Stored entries
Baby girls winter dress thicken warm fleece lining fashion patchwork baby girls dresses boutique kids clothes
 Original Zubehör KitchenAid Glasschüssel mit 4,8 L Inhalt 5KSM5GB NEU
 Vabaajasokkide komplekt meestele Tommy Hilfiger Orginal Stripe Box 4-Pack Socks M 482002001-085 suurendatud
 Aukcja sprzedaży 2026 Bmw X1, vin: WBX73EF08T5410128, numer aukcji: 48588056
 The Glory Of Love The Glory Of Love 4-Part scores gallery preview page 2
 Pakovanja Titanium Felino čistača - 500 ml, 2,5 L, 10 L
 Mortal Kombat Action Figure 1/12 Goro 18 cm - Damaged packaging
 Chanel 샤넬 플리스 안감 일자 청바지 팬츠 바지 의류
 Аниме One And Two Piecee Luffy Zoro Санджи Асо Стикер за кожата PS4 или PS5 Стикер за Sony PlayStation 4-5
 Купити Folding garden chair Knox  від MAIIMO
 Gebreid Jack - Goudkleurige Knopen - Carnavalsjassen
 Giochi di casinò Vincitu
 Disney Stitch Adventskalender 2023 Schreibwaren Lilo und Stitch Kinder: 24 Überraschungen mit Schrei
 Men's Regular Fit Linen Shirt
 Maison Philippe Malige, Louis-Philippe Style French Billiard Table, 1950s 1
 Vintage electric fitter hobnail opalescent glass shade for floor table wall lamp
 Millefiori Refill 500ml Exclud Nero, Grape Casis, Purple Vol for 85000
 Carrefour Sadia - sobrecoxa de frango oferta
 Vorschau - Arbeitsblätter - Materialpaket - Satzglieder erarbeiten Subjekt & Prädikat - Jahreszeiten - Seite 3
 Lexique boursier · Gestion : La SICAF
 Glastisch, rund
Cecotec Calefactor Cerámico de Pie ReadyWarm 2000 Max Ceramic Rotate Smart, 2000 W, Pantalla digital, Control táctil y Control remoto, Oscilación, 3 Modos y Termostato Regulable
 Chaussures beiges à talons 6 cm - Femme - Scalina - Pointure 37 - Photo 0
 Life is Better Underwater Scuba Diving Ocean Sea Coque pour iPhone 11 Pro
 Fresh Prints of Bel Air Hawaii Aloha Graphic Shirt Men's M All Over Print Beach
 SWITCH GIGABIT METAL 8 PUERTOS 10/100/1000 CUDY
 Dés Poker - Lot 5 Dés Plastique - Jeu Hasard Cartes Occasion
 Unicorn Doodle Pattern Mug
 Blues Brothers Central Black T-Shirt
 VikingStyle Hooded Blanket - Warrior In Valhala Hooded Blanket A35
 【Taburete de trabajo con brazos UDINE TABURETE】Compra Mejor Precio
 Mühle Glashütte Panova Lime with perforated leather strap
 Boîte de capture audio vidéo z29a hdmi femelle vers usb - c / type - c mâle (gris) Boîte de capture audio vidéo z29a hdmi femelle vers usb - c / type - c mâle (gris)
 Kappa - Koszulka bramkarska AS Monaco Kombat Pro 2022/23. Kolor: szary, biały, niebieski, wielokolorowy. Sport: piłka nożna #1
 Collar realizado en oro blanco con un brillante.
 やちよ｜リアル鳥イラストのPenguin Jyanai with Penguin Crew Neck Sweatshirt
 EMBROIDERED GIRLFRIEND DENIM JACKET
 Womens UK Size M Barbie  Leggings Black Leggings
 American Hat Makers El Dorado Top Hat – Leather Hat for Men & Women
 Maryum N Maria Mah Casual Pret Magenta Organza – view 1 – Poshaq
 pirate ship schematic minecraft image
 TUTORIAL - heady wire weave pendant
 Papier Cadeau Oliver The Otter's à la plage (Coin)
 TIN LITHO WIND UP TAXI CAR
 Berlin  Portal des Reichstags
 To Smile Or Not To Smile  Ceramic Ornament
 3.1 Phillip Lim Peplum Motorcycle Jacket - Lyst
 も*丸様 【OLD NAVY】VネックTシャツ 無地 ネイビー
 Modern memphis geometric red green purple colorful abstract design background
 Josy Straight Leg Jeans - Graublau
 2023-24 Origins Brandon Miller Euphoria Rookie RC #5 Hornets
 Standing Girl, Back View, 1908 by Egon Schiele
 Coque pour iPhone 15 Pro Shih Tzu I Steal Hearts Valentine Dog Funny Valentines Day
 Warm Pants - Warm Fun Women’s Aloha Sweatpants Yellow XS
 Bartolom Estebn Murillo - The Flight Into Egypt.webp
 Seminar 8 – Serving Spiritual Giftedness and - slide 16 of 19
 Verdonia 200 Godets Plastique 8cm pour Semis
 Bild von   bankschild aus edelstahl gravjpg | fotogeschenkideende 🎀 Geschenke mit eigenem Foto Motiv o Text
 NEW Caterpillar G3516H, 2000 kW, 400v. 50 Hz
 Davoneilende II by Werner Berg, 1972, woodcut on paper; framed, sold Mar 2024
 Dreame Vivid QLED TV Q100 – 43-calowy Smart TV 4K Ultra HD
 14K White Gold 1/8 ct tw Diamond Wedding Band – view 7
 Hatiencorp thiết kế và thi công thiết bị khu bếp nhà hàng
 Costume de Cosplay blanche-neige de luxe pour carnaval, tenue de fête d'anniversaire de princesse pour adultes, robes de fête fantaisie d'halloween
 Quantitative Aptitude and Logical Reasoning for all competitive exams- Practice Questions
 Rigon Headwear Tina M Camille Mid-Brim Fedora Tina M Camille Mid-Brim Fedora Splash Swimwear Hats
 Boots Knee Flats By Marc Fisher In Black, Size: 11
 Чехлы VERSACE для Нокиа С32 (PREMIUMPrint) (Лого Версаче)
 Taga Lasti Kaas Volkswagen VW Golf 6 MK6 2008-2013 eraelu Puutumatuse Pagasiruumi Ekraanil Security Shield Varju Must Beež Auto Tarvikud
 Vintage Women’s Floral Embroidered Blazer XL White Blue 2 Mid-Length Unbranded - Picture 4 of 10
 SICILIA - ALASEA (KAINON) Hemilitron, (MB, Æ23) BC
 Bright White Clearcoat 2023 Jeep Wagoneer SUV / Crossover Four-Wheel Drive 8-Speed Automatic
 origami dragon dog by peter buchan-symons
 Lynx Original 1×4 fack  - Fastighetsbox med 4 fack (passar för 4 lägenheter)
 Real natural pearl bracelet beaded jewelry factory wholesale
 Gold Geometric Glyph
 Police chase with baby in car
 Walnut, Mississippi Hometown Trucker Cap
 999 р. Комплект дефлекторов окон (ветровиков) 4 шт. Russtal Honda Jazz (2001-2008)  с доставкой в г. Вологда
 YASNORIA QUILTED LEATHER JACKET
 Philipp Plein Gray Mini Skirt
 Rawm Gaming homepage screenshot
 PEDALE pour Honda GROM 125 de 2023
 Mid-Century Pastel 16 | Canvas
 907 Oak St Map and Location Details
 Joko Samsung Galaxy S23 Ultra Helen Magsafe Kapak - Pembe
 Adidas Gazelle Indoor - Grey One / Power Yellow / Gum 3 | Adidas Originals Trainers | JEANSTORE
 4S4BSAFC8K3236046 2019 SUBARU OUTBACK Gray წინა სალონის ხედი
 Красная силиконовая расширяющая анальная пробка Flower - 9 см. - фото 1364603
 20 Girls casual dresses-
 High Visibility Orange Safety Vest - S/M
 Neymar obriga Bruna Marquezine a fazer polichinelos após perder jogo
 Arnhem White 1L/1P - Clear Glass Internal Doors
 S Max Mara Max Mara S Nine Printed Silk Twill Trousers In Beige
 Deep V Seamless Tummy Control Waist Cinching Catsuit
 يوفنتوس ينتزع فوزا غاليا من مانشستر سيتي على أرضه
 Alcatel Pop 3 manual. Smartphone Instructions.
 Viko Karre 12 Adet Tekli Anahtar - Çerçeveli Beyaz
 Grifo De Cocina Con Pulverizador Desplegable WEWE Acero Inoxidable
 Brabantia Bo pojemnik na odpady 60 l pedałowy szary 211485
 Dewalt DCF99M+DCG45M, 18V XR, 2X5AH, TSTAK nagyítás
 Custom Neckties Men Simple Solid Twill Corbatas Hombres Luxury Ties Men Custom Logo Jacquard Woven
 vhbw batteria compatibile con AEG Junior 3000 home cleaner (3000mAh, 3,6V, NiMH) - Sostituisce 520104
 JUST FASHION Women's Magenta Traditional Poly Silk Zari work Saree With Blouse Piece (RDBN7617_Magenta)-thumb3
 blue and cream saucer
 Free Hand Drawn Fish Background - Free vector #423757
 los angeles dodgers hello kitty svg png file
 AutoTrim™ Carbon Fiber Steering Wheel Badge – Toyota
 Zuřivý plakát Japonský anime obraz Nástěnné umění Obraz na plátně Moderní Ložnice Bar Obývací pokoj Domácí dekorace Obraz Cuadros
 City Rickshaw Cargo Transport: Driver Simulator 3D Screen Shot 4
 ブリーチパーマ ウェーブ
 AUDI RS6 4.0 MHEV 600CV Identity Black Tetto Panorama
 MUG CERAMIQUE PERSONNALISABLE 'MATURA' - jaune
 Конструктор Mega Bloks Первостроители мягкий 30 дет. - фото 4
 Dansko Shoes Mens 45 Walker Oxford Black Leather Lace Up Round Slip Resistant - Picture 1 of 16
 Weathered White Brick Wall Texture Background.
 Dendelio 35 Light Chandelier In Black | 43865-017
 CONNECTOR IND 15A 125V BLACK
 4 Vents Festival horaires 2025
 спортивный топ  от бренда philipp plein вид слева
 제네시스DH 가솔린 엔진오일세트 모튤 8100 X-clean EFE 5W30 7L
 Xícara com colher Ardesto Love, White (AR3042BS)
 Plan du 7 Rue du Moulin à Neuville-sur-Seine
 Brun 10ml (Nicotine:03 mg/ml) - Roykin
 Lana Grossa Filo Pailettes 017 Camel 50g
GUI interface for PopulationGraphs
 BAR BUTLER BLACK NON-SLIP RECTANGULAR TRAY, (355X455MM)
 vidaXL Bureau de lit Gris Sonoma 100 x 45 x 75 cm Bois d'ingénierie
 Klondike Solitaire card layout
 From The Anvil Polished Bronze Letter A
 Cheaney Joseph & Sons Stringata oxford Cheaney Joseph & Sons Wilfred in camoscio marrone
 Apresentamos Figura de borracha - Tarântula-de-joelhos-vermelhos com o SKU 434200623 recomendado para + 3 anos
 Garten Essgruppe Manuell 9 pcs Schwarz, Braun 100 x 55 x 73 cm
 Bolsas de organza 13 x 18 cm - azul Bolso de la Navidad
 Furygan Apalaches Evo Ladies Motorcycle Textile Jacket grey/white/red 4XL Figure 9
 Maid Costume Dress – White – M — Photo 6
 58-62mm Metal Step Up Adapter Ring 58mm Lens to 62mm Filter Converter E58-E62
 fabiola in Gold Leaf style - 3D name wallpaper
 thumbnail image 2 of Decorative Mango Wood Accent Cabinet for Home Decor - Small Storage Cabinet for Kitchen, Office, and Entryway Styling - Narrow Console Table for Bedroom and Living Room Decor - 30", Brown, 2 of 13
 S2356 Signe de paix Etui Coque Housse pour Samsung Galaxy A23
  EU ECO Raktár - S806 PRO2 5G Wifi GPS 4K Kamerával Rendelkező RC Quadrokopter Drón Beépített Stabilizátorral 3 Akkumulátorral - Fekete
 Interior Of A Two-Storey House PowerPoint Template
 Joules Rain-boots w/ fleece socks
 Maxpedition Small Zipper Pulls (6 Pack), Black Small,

- HOW TO COMPLETE THIS TASK
If a line of the data above holds the string "Figure", count it, then give only the final number.

- THE ANSWER
2